_About this task_:
Reproduce verbatim the line where "Assemblée générale UniNExt 2022" occurs, along with all following lines down to the last line of the data.

** Opening Provided data block **

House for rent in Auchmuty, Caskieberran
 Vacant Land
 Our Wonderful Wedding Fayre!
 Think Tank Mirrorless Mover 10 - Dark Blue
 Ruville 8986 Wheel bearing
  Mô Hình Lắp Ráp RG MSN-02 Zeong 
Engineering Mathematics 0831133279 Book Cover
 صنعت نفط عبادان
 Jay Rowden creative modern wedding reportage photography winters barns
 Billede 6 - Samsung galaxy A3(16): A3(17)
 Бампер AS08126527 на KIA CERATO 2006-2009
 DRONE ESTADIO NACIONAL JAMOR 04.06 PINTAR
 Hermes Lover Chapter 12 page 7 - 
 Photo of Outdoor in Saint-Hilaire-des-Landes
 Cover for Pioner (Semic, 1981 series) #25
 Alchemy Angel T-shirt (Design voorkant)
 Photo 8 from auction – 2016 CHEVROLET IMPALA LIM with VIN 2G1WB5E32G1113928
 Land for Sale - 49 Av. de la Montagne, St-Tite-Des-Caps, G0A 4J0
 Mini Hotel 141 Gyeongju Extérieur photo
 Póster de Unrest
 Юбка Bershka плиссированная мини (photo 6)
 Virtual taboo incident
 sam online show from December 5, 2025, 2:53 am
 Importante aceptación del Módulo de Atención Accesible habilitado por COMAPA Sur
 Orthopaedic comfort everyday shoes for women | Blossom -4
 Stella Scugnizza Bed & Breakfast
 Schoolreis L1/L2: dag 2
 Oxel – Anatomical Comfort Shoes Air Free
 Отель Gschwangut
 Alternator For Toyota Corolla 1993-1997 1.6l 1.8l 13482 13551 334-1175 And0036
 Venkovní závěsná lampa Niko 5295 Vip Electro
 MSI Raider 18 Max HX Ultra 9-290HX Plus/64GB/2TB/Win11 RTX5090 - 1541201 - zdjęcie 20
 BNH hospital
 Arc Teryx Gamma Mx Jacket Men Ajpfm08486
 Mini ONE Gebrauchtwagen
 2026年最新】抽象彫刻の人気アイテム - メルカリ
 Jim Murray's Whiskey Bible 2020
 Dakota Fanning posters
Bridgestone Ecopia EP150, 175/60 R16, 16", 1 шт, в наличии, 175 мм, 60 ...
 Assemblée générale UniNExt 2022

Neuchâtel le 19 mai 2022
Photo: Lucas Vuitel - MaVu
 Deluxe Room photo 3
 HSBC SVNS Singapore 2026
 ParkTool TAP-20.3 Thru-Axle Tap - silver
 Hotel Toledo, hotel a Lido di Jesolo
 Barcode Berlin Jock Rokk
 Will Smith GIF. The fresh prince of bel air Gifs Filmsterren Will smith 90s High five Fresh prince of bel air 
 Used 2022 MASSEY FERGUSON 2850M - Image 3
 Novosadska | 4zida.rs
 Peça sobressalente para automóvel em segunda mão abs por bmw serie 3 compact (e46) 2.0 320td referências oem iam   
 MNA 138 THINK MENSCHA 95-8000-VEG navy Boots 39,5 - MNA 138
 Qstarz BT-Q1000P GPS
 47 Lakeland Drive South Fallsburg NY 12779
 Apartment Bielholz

** Closing Provided data block **

_Answer space_:
 Assemblée générale UniNExt 2022

Neuchâtel le 19 mai 2022
Photo: Lucas Vuitel - MaVu
 Deluxe Room photo 3
 HSBC SVNS Singapore 2026
 ParkTool TAP-20.3 Thru-Axle Tap - silver
 Hotel Toledo, hotel a Lido di Jesolo
 Barcode Berlin Jock Rokk
 Will Smith GIF. The fresh prince of bel air Gifs Filmsterren Will smith 90s High five Fresh prince of bel air 
 Used 2022 MASSEY FERGUSON 2850M - Image 3
 Novosadska | 4zida.rs
 Peça sobressalente para automóvel em segunda mão abs por bmw serie 3 compact (e46) 2.0 320td referências oem iam   
 MNA 138 THINK MENSCHA 95-8000-VEG navy Boots 39,5 - MNA 138
 Qstarz BT-Q1000P GPS
 47 Lakeland Drive South Fallsburg NY 12779
 Apartment Bielholz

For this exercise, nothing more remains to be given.